-- DATA EXCERPT follows --

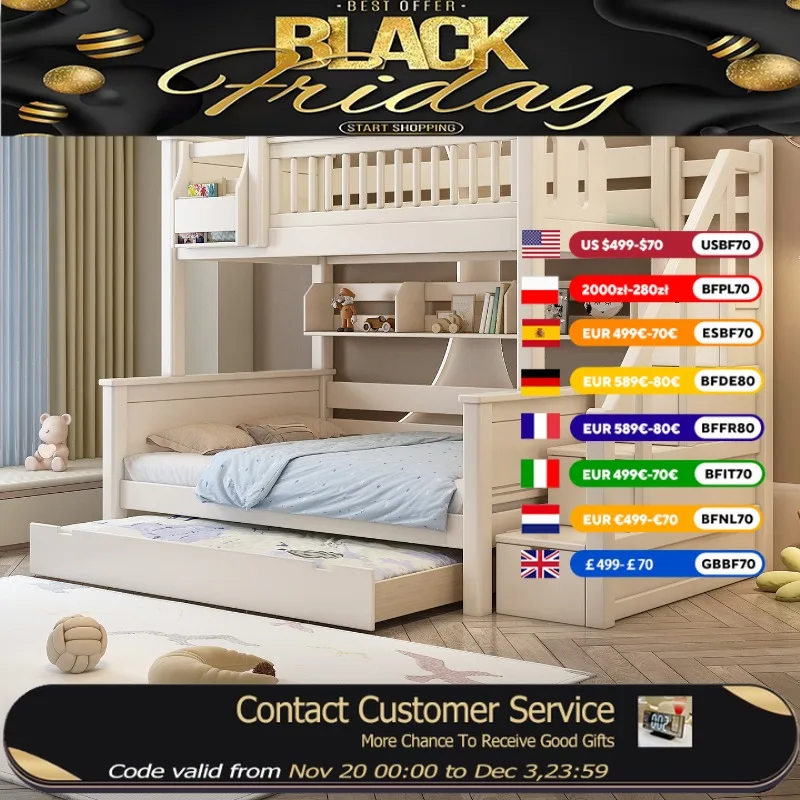 

Comforter Wooden Kids Beds Boundary King Size Modern Style Bunk Children Beds Princess Bedroom Litera Infantil Kids Furniture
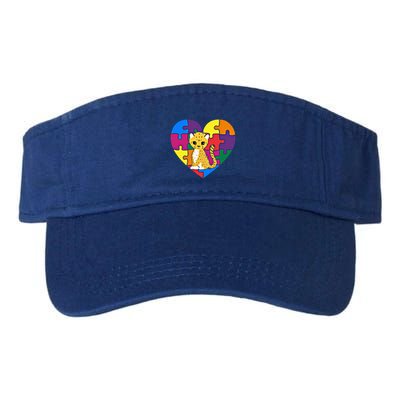 Autism Awareness Cheetahs Heart ValentineS Day Puzzle Piece Funny Gift Visor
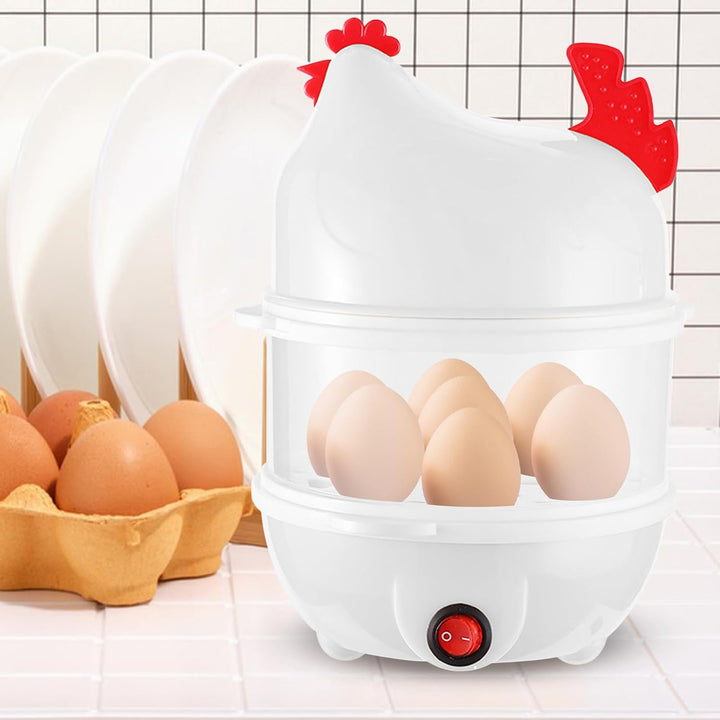 Eierkocher, mit 2 Einsätzen, Grosser Hühner-Design Eierkocher Für Frühstück Mittagessen Abendessen K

-- DATA EXCERPT concluded --

> ACTION ITEM:
Extract the lines beginning with the one that contains "Autism Awareness Cheetahs" and ending with the last line of the listing. Keep them exact and drop the pictures.

> COMPLETED EXERCISE:
 Autism Awareness Cheetahs Heart ValentineS Day Puzzle Piece Funny Gift Visor
 Eierkocher, mit 2 Einsätzen, Grosser Hühner-Design Eierkocher Für Frühstück Mittagessen Abendessen K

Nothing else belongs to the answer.